Marko Kljajević

Podgorica
- Position: Small forward
- League: ABA League Prva A Liga

Personal information
- Born: 4 May 2001 (age 24) Bijelo Polje, Montenegro, Yugoslavia
- Nationality: Montenegrin
- Listed height: 2.02 m (6 ft 8 in)
- Listed weight: 95 kg (209 lb)

Career information
- Playing career: 2019–present

Career history
- 2020–2021: Mega Basket
- 2019–2020: →OKK Beograd
- 2021–present: Podgorica

Career highlights
- U19 ABA League champion (2018);

= Marko Kljajević =

Montenegrin basketball player

Marko Kljajević (born 4 May 2001) is a Montenegrin professional basketball player for Podgorica of the Prva A Liga and the ABA League Second Division.

== Early career ==
In 2017, Kljajević joined the Mega Bemax youth system. He won the 2018 Junior ABA League with the U19 Mega Bemax team.

== Professional career ==
Prior to the 2019–20 Serbian League season, Kljajević was added to the roster of Mega's affiliate OKK Beograd. During the season, he averaged 5.3 points and 2.4 rebounds in his 22 appearances. In August 2020, he was promoted to the Mega Soccerbet senior team for the 2020–21 ABA season. On 3 October 2020, he made his Mega and Adriatic League debut in a 84–62 win over Igokea, recording 2 points and 3 rebounds.

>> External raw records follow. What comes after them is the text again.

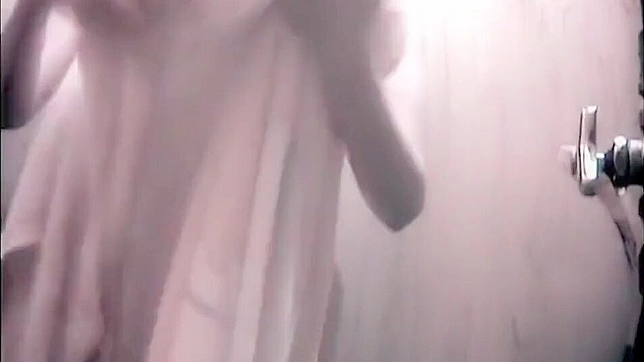 Seductive JAV Goddess Tempting Viewers With Her Boobs & Skills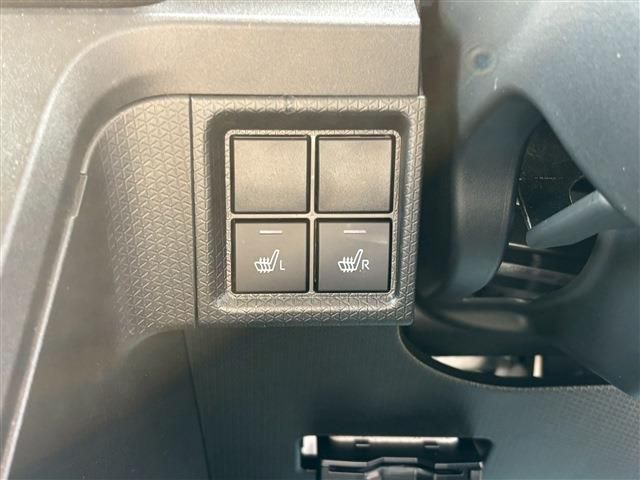 DAIHATSU TANTO FAN CROSS 2023 Image 31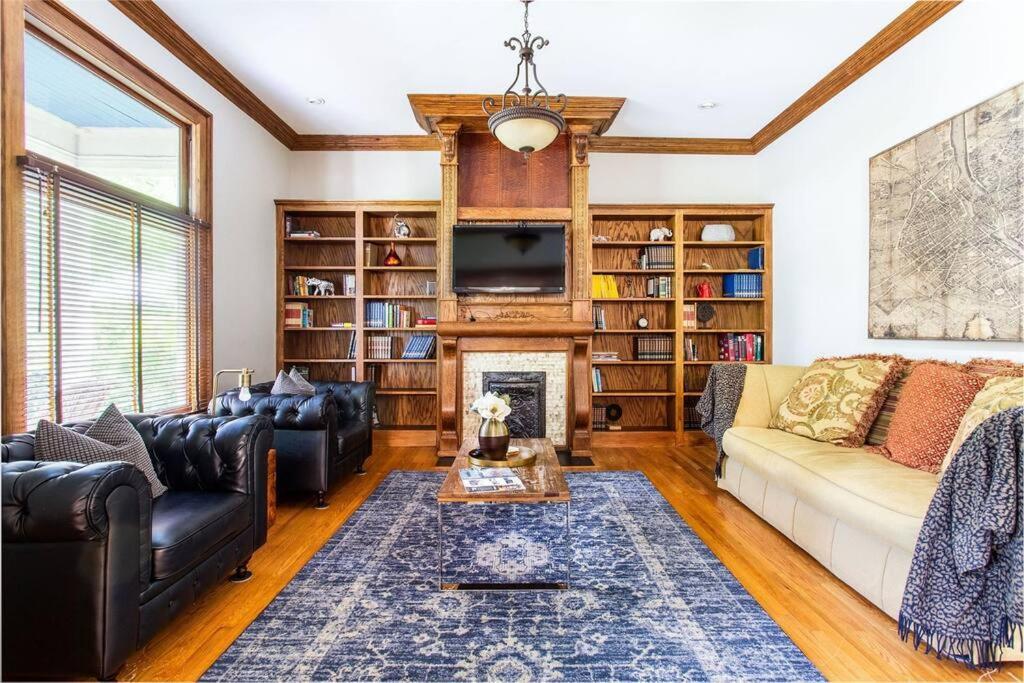 Prime Location In 12south, Walkable To Shopping & Dining Holiday home *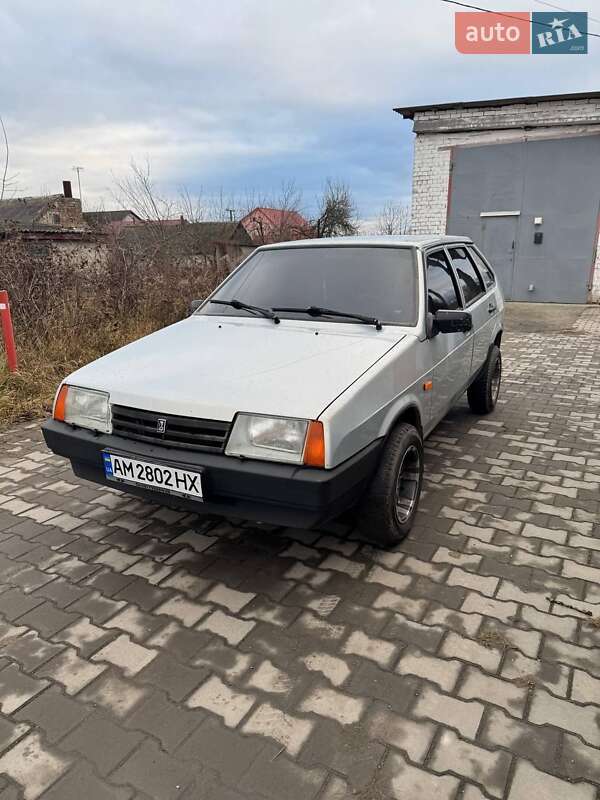 Хетчбек ВАЗ / Lada 2109 2004 в Звягелі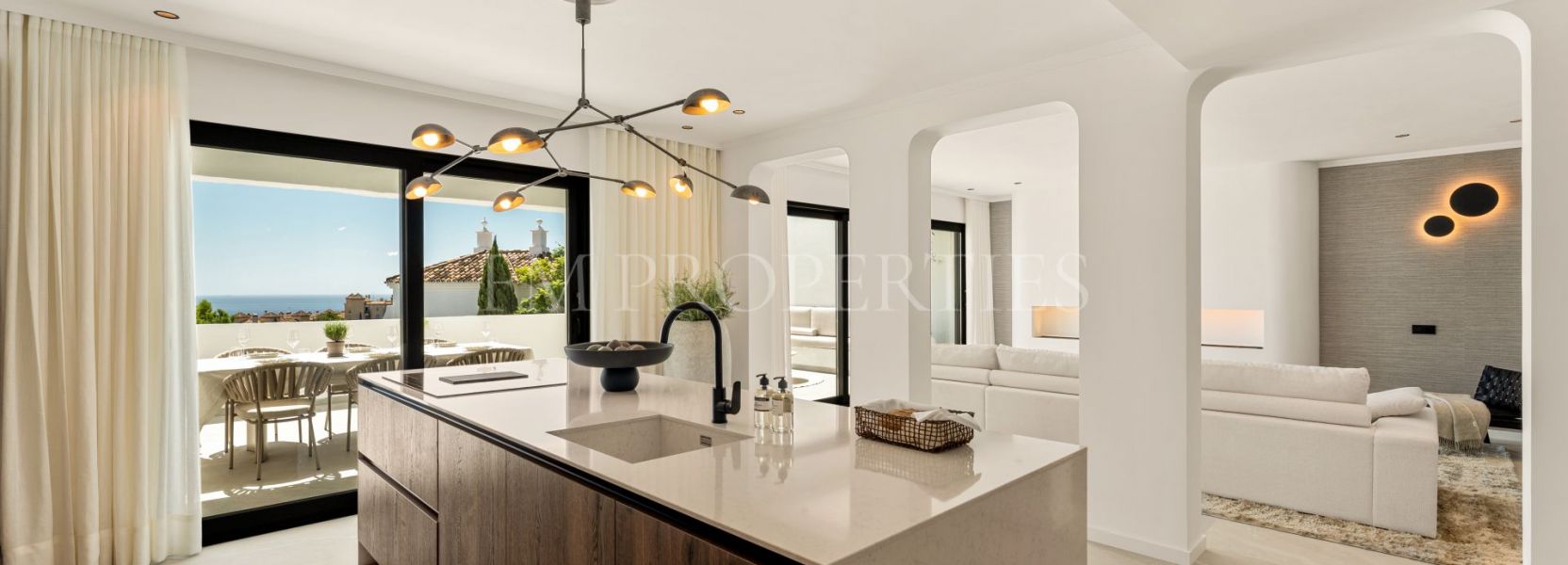 Duplex  in Las Colinas de Marbella, Benahavis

On 18 June 2021, Kljajević signed a multi-year contract with Podgorica.

== National team career ==
Kljajević was a member of the Montenegro under-16 team that won the silver medal at the 2017 FIBA Europe Under-16 Championship in his home country. Over seven tournament games, he averaged 3.0 points, 0.7 rebounds, and 0.6 assists per game. Kljajević was a member of the Montenegro under-17 team at the 2018 FIBA Under-17 Basketball World Cup in Rosario and Santa Fe, Argentina. Over seven tournament games, he averaged 2.9 points and 2.0 rebounds per game. In the same year, Kljajević was a member of the Montenegro under-18 team at the FIBA U18 European Championship in Latvia. He only appeared in a 76–52 loss to Germany, recording 4 points, 2 rebounds, and 2 assists. Also, he was a member of the U18 Montenegro team at the 2019 FIBA U18 European Championship in Volos, Greece. Over six tournament games, he averaged 7.2 points, 3.8 rebounds, and 1.2 assists per game.